*** Begin section ***
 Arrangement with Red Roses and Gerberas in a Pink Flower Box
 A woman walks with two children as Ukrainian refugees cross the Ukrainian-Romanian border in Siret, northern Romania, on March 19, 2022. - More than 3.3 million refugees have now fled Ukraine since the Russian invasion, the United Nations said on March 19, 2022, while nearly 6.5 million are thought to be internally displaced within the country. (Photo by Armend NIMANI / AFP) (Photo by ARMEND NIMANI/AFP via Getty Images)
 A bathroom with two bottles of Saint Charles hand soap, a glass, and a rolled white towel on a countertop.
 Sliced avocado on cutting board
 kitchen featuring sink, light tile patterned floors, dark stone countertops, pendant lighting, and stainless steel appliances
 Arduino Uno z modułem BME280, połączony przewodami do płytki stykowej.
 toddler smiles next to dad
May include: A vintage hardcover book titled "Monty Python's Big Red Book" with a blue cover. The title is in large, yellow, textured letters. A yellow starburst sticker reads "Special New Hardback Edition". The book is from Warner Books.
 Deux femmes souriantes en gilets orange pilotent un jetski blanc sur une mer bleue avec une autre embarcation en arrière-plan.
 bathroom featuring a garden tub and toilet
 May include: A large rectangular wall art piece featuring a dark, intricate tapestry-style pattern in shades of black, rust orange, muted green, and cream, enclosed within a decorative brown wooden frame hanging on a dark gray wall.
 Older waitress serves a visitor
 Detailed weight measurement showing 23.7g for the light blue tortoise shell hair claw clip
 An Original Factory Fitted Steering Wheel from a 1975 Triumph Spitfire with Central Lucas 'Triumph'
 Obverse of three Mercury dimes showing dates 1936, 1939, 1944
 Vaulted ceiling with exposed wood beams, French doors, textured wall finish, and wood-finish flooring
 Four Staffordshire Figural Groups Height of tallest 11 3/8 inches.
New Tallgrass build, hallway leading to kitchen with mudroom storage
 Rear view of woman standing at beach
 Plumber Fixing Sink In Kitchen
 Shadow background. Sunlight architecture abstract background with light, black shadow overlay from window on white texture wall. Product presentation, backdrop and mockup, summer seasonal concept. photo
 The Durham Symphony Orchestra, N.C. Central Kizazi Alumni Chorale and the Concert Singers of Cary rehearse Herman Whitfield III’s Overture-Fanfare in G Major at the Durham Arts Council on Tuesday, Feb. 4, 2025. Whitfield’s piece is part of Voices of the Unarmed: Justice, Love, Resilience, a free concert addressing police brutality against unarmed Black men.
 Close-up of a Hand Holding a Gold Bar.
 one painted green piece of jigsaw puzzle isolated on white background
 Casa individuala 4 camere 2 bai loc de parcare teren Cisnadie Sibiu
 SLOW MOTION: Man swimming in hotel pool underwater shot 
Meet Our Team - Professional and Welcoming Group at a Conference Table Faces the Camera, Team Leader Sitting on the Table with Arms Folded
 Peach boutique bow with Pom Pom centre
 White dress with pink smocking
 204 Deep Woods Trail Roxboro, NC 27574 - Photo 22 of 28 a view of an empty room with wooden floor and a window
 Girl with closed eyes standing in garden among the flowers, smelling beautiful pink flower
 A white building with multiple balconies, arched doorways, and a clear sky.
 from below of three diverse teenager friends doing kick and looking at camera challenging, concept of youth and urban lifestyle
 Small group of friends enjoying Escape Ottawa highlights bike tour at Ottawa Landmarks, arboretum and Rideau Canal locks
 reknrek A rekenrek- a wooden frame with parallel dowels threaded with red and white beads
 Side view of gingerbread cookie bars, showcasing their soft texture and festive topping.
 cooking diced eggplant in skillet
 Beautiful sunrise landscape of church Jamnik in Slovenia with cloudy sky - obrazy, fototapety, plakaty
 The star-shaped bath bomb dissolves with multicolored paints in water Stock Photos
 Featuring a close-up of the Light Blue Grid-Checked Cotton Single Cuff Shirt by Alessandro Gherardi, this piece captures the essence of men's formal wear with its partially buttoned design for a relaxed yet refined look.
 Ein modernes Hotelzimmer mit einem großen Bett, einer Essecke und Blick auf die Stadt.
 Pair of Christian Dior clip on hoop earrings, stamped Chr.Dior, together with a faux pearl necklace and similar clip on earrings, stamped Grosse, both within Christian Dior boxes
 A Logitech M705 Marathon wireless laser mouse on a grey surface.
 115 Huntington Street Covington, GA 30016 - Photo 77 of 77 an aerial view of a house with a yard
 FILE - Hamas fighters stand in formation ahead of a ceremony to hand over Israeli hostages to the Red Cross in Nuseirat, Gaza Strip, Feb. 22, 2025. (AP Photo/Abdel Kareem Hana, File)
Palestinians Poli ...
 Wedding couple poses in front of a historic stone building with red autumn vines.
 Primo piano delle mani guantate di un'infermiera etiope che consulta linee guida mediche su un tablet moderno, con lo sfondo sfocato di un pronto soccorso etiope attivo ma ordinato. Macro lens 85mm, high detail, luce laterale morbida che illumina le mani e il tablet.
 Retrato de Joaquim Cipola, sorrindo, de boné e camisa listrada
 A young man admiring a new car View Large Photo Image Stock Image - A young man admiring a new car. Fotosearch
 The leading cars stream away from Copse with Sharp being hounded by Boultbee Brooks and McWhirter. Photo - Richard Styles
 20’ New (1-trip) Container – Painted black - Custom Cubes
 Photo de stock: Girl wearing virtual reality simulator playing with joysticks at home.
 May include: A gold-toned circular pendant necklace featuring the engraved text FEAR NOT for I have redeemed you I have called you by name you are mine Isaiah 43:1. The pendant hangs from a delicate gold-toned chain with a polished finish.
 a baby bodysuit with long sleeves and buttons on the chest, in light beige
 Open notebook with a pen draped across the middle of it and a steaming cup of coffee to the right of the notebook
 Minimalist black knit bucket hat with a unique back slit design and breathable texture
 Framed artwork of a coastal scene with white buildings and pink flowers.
*** End section ***
- **ACTION ITEM**
All of the records need to be returned exactly as they are.

- **OUTPUT FOR THIS TASK**
 Arrangement with Red Roses and Gerberas in a Pink Flower Box
 A woman walks with two children as Ukrainian refugees cross the Ukrainian-Romanian border in Siret, northern Romania, on March 19, 2022. - More than 3.3 million refugees have now fled Ukraine since the Russian invasion, the United Nations said on March 19, 2022, while nearly 6.5 million are thought to be internally displaced within the country. (Photo by Armend NIMANI / AFP) (Photo by ARMEND NIMANI/AFP via Getty Images)
 A bathroom with two bottles of Saint Charles hand soap, a glass, and a rolled white towel on a countertop.
 Sliced avocado on cutting board
 kitchen featuring sink, light tile patterned floors, dark stone countertops, pendant lighting, and stainless steel appliances
 Arduino Uno z modułem BME280, połączony przewodami do płytki stykowej.
 toddler smiles next to dad
May include: A vintage hardcover book titled "Monty Python's Big Red Book" with a blue cover. The title is in large, yellow, textured letters. A yellow starburst sticker reads "Special New Hardback Edition". The book is from Warner Books.
 Deux femmes souriantes en gilets orange pilotent un jetski blanc sur une mer bleue avec une autre embarcation en arrière-plan.
 bathroom featuring a garden tub and toilet
 May include: A large rectangular wall art piece featuring a dark, intricate tapestry-style pattern in shades of black, rust orange, muted green, and cream, enclosed within a decorative brown wooden frame hanging on a dark gray wall.
 Older waitress serves a visitor
 Detailed weight measurement showing 23.7g for the light blue tortoise shell hair claw clip
 An Original Factory Fitted Steering Wheel from a 1975 Triumph Spitfire with Central Lucas 'Triumph'
 Obverse of three Mercury dimes showing dates 1936, 1939, 1944
 Vaulted ceiling with exposed wood beams, French doors, textured wall finish, and wood-finish flooring
 Four Staffordshire Figural Groups Height of tallest 11 3/8 inches.
New Tallgrass build, hallway leading to kitchen with mudroom storage
 Rear view of woman standing at beach
 Plumber Fixing Sink In Kitchen
 Shadow background. Sunlight architecture abstract background with light, black shadow overlay from window on white texture wall. Product presentation, backdrop and mockup, summer seasonal concept. photo
 The Durham Symphony Orchestra, N.C. Central Kizazi Alumni Chorale and the Concert Singers of Cary rehearse Herman Whitfield III’s Overture-Fanfare in G Major at the Durham Arts Council on Tuesday, Feb. 4, 2025. Whitfield’s piece is part of Voices of the Unarmed: Justice, Love, Resilience, a free concert addressing police brutality against unarmed Black men.
 Close-up of a Hand Holding a Gold Bar.
 one painted green piece of jigsaw puzzle isolated on white background
 Casa individuala 4 camere 2 bai loc de parcare teren Cisnadie Sibiu
 SLOW MOTION: Man swimming in hotel pool underwater shot 
Meet Our Team - Professional and Welcoming Group at a Conference Table Faces the Camera, Team Leader Sitting on the Table with Arms Folded
 Peach boutique bow with Pom Pom centre
 White dress with pink smocking
 204 Deep Woods Trail Roxboro, NC 27574 - Photo 22 of 28 a view of an empty room with wooden floor and a window
 Girl with closed eyes standing in garden among the flowers, smelling beautiful pink flower
 A white building with multiple balconies, arched doorways, and a clear sky.
 from below of three diverse teenager friends doing kick and looking at camera challenging, concept of youth and urban lifestyle
 Small group of friends enjoying Escape Ottawa highlights bike tour at Ottawa Landmarks, arboretum and Rideau Canal locks
 reknrek A rekenrek- a wooden frame with parallel dowels threaded with red and white beads
 Side view of gingerbread cookie bars, showcasing their soft texture and festive topping.
 cooking diced eggplant in skillet
 Beautiful sunrise landscape of church Jamnik in Slovenia with cloudy sky - obrazy, fototapety, plakaty
 The star-shaped bath bomb dissolves with multicolored paints in water Stock Photos
 Featuring a close-up of the Light Blue Grid-Checked Cotton Single Cuff Shirt by Alessandro Gherardi, this piece captures the essence of men's formal wear with its partially buttoned design for a relaxed yet refined look.
 Ein modernes Hotelzimmer mit einem großen Bett, einer Essecke und Blick auf die Stadt.
 Pair of Christian Dior clip on hoop earrings, stamped Chr.Dior, together with a faux pearl necklace and similar clip on earrings, stamped Grosse, both within Christian Dior boxes
 A Logitech M705 Marathon wireless laser mouse on a grey surface.
 115 Huntington Street Covington, GA 30016 - Photo 77 of 77 an aerial view of a house with a yard
 FILE - Hamas fighters stand in formation ahead of a ceremony to hand over Israeli hostages to the Red Cross in Nuseirat, Gaza Strip, Feb. 22, 2025. (AP Photo/Abdel Kareem Hana, File)
Palestinians Poli ...
 Wedding couple poses in front of a historic stone building with red autumn vines.
 Primo piano delle mani guantate di un'infermiera etiope che consulta linee guida mediche su un tablet moderno, con lo sfondo sfocato di un pronto soccorso etiope attivo ma ordinato. Macro lens 85mm, high detail, luce laterale morbida che illumina le mani e il tablet.
 Retrato de Joaquim Cipola, sorrindo, de boné e camisa listrada
 A young man admiring a new car View Large Photo Image Stock Image - A young man admiring a new car. Fotosearch
 The leading cars stream away from Copse with Sharp being hounded by Boultbee Brooks and McWhirter. Photo - Richard Styles
 20’ New (1-trip) Container – Painted black - Custom Cubes
 Photo de stock: Girl wearing virtual reality simulator playing with joysticks at home.
 May include: A gold-toned circular pendant necklace featuring the engraved text FEAR NOT for I have redeemed you I have called you by name you are mine Isaiah 43:1. The pendant hangs from a delicate gold-toned chain with a polished finish.
 a baby bodysuit with long sleeves and buttons on the chest, in light beige
 Open notebook with a pen draped across the middle of it and a steaming cup of coffee to the right of the notebook
 Minimalist black knit bucket hat with a unique back slit design and breathable texture
 Framed artwork of a coastal scene with white buildings and pink flowers.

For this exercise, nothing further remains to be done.